Mendocino County supervisors have formalized their intent to join public supplier Sonoma Clean Power in a bid to offer greener, cheaper electricity options to county residents.
More than 30,000 residential and commercial customers could be offered a choice between PG&E, the county’s dominant electricity supplier, and Sonoma Clean power by early next summer if things go as planned, said Christopher Shaver, Mendocino County deputy chief executive office.
The next step is for Sonoma Clean Power to grant Mendocino County membership. Its board already voted in early July to offer services in Mendocino County and several of its cities, excluding Ukiah, which has its own electric utility.

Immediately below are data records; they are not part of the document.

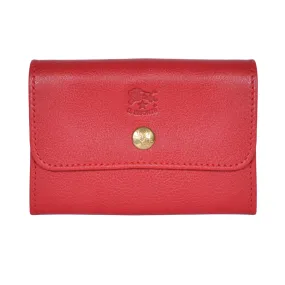 IL BISONTE LIBERTY WOMEN'S  WALLET  IN RED GRAIN COWHIDE LEATHER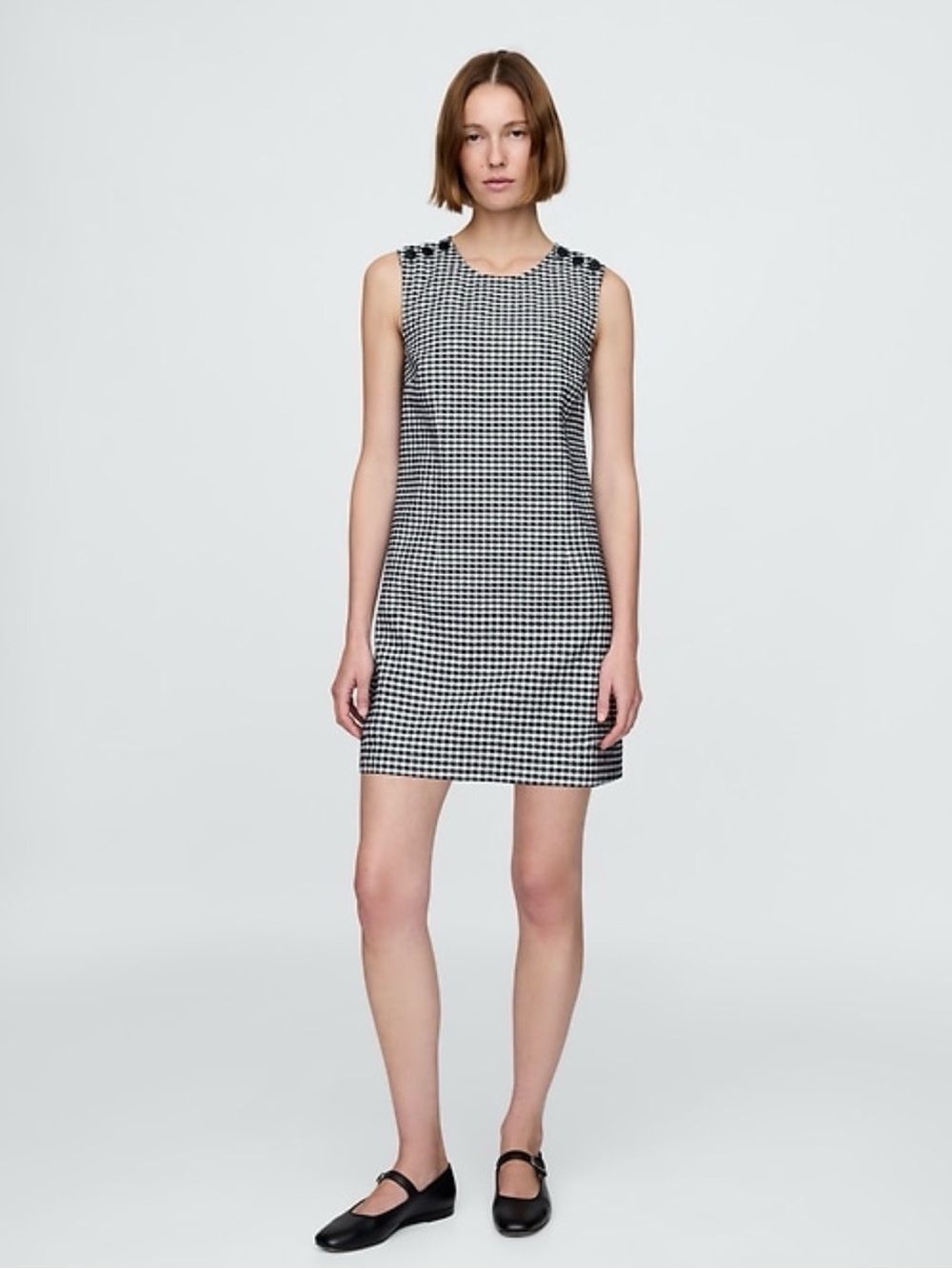 Gap X Doen.Sleeveless Black and White Gingham Shift Dress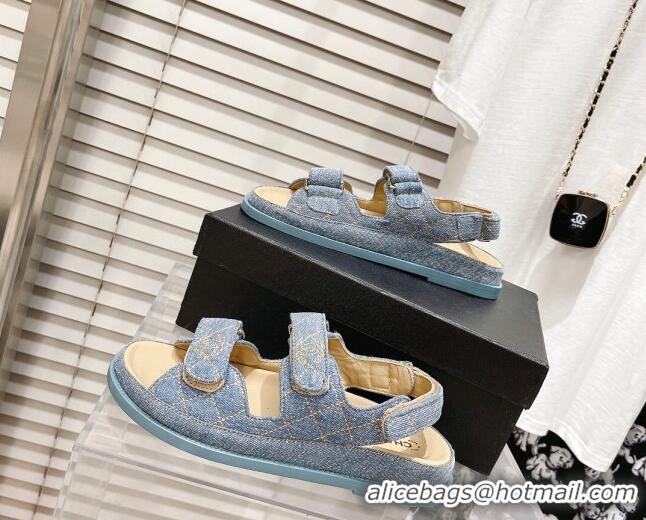 Good Quality Chanel Denim Strap Flat Sandals 021541 Light Blue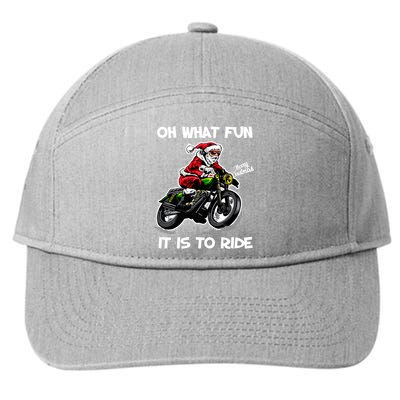 Oh What Fun It Is To Ride Motorcycle Christmas Pajama Gifts Premium 7-Panel Snapback Hat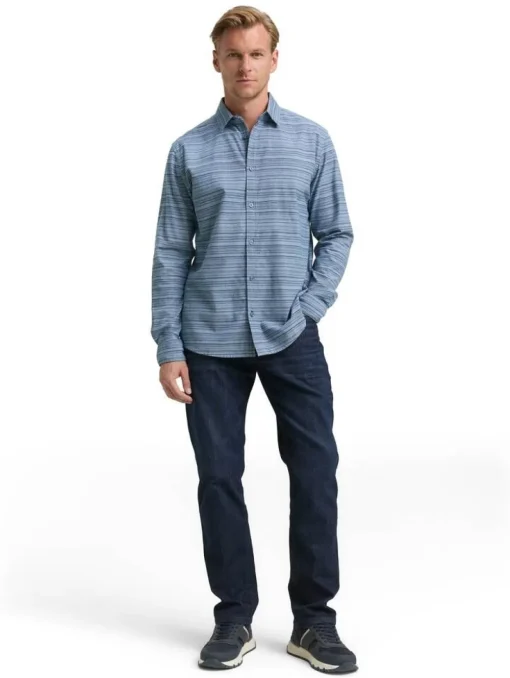 Tom Tailor Kauluspaidat|paita 1047327 38490 Teal blue varied cross stripe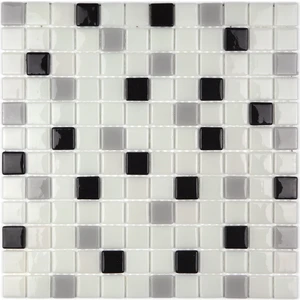 Mutfak, Banyo, Havuz, Sauna, Spa ve Tüm Yüzeyler Için 25X25 mm Beyaz, Siyah, Gri Cam Mozaik.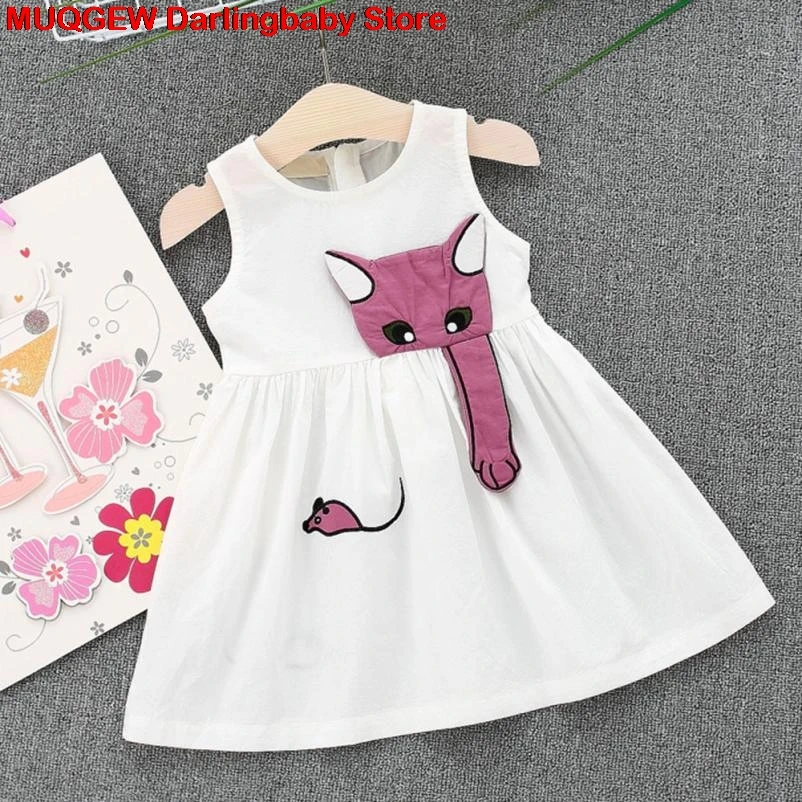 Новинка для новорожденных мультфильм Muse без рукавов Пляжное платье одежда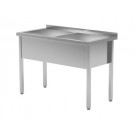 Doppelspültisch 600 mit 2 Becken ohne Bodenregal - M-Gastro Concept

Mendocino County supervisors this week unanimously adopted a resolution stating their intent to join Sonoma Clean Power.
“I think this is a great opportunity,” said Supervisor Dan Hamburg.
While it’s expected to save residents money on their bills — Sonoma Clean Power officials claim to have saved Sonoma County customers more than $62 million since it launched in May 2014 — the transition was billed more importantly as a step toward reducing greenhouse emissions, supervisors and supporters said.
The agency’s basic service has an energy supply that is 36 percent renewable, from geothermal and wind sources. Contracts for solar projects have been signed, with construction underway on installations inside Sonoma County and outside the area.
PG&E’s basic service is 27 percent renewable. Under state rules the utility’s supply from large hydroelectric projects does not qualify as renewable.
Cities and counties throughout the state have been considering so-called “community choice aggregation” agencies like Sonoma Clean Power since they were authorized by state law in 2002. Marin County launched the first such program, Marin Clean Energy in 2008.
Lake County officials also are exploring energy options.
Once Mendocino County officially joins Sonoma Clean Power, customers in the unincorporated county will automatically become its consumers unless they take action to opt out. The eligible cities — Fort Bragg, Point Arena and Willits — will first need to join the agency before consumers in their jurisdiction are enrolled, with the same choice to opt-out.
Bills will continue to be sent by PG&E, which also will continue to own, maintain and operate the transmission system.
Sonoma Clean Power and similar ventures largely search out and buy power on the wholesale energy market.
The agency serves 196,000 residential and commercial accounts in Sonoma County, representing about 89 percent of eligible electricity customers.